The USD/JPY pair recovers its early losses and flattens around 146.50 during the European trading session on Thursday. The pair bounces back as the US Dollar (USD) snaps four-day losing streak ahead of the flash United States (US) S&P Global Purchasing Managers’ Index (PMI) data for July, which will be published at 13:45 GMT.

The US Dollar Index (DXY), which tracks the Greenback’s value against six major currencies, rebounds to near 97.40 in European trading hours from an almost three-week low around 97.00 posted earlier in the day.

Economists expect the US Composite PMI to have grown at a faster pace, contributed by expansion in both manufacturing and the service sector activity.

The US Dollar faced a sharp selling pressure in past few trading sessions as demand for safe-haven assets diminished, following the announcement of a trade agreement between the US and Japan. Meanwhile, a report from Financial Times (FT) has also signaled that the US and the European Union (EU) are close to reaching a trade pact.

Meanwhile, the Japanese Yen (JPY) gives up some initial gains even as US-Japan trade agreement has improved market expectations that the Bank of Japan (BoJ) could raise interest rates again this year.

Going forward, major triggers for the pair will monetary policy announcements by the Federal Reserve (Fed) and BoJ, which are scheduled for next week.

 

US Dollar FAQs

The US Dollar (USD) is the official currency of the United States of America, and the ‘de facto’ currency of a significant number of other countries where it is found in circulation alongside local notes. It is the most heavily traded currency in the world, accounting for over 88% of all global foreign exchange turnover, or an average of $6.6 trillion in transactions per day, according to data from 2022.
Following the second world war, the USD took over from the British Pound as the world’s reserve currency. For most of its history, the US Dollar was backed by Gold, until the Bretton Woods Agreement in 1971 when the Gold Standard went away.
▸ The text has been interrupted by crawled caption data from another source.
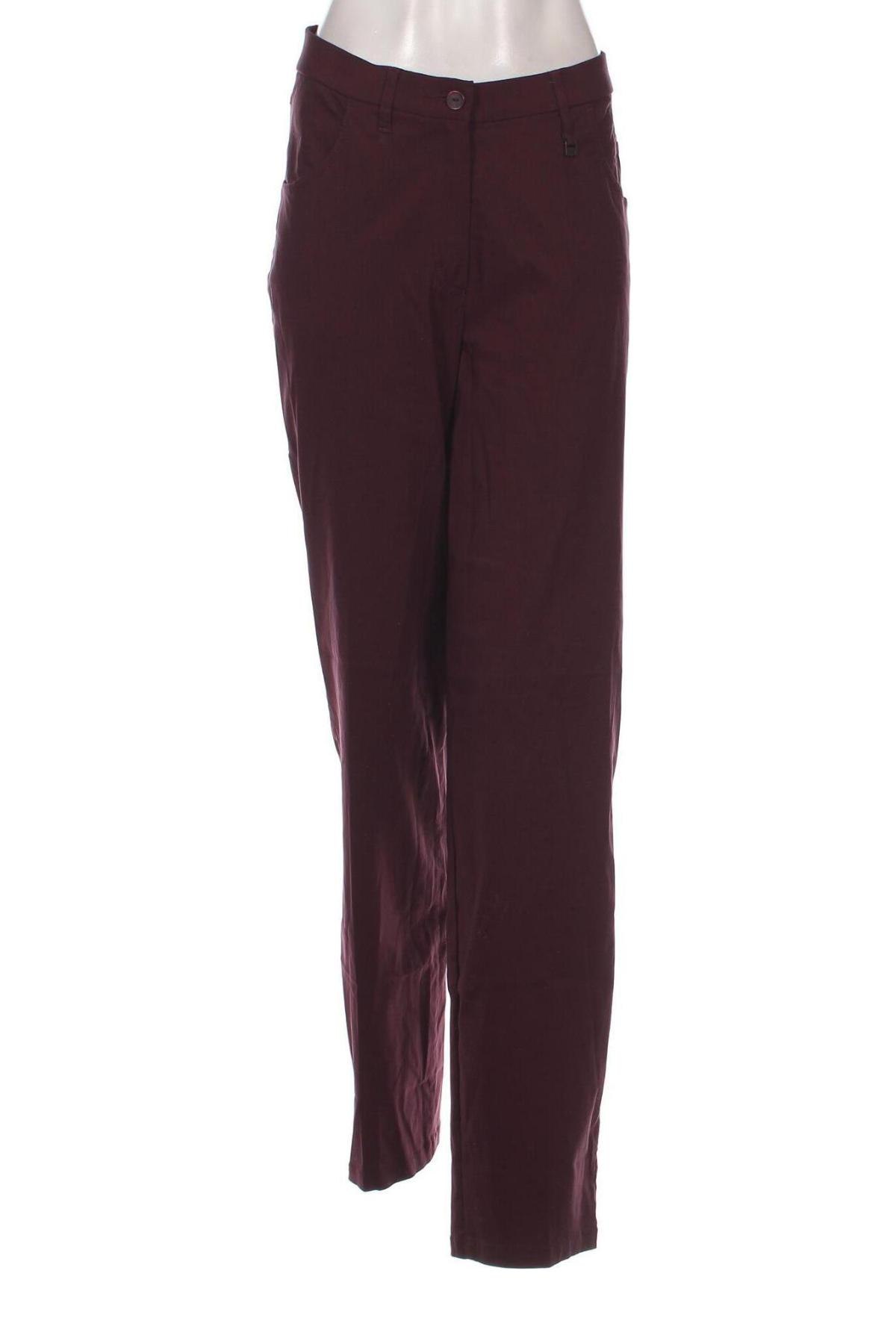 Damenhose KJ Brand, Größe L, Farbe Rot, Preis € 7,86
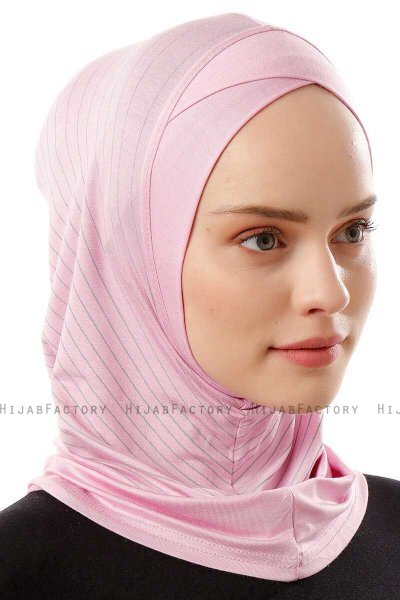 Babe Cross - Hijab Al Amira One-Piece Rosado
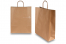 Sacos de papel com alças torcidas - bronze, 320 x 120 x 410 mm, 100 gr | PIT Packaging.pt | Envelopesonline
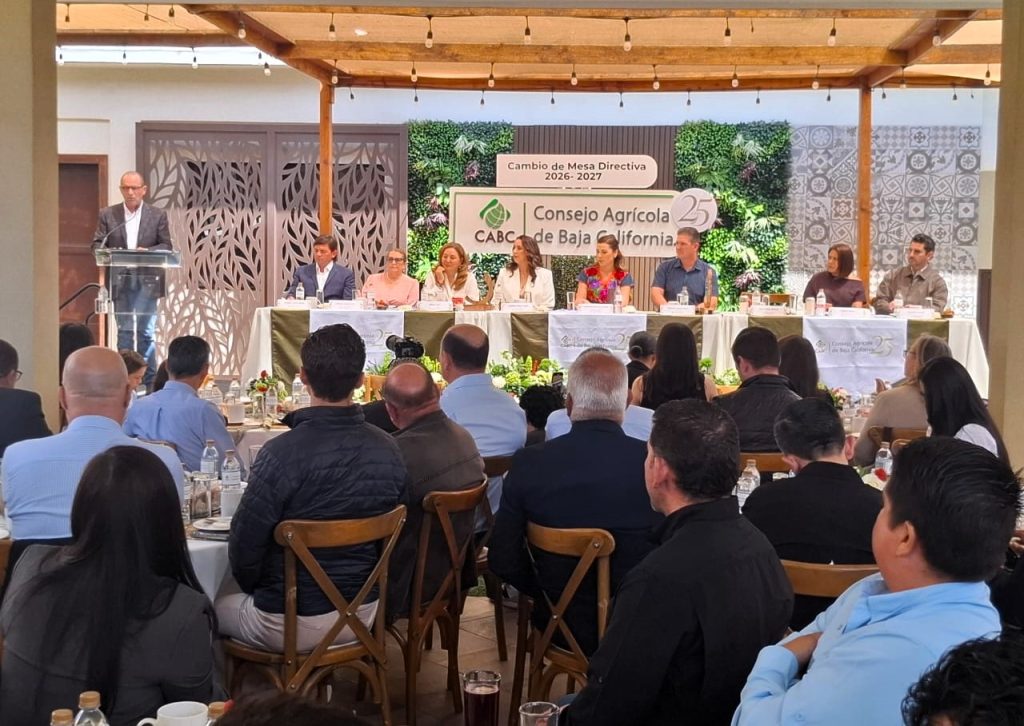 Nueva dirigente del Consejo Agrícola de BC, Química Mathilde Rivera Trujillo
The most important single factor impacting on the value of the US Dollar is monetary policy, which is shaped by the Federal Reserve (Fed). The Fed has two mandates: to achieve price stability (control inflation) and foster full employment. Its primary tool to achieve these two goals is by adjusting interest rates.
When prices are rising too quickly and inflation is above the Fed’s 2% target, the Fed will raise rates, which helps the USD value. When inflation falls below 2% or the Unemployment Rate is too high, the Fed may lower interest rates, which weighs on the Greenback.

In extreme situations, the Federal Reserve can also print more Dollars and enact quantitative easing (QE). QE is the process by which the Fed substantially increases the flow of credit in a stuck financial system.
It is a non-standard policy measure used when credit has dried up because banks will not lend to each other (out of the fear of counterparty default). It is a last resort when simply lowering interest rates is unlikely to achieve the necessary result. It was the Fed’s weapon of choice to combat the credit crunch that occurred during the Great Financial Crisis in 2008. It involves the Fed printing more Dollars and using them to buy US government bonds predominantly from financial institutions. QE usually leads to a weaker US Dollar.

Quantitative tightening (QT) is the reverse process whereby the Federal Reserve stops buying bonds from financial institutions and does not reinvest the principal from the bonds it holds maturing in new purchases. It is usually positive for the US Dollar.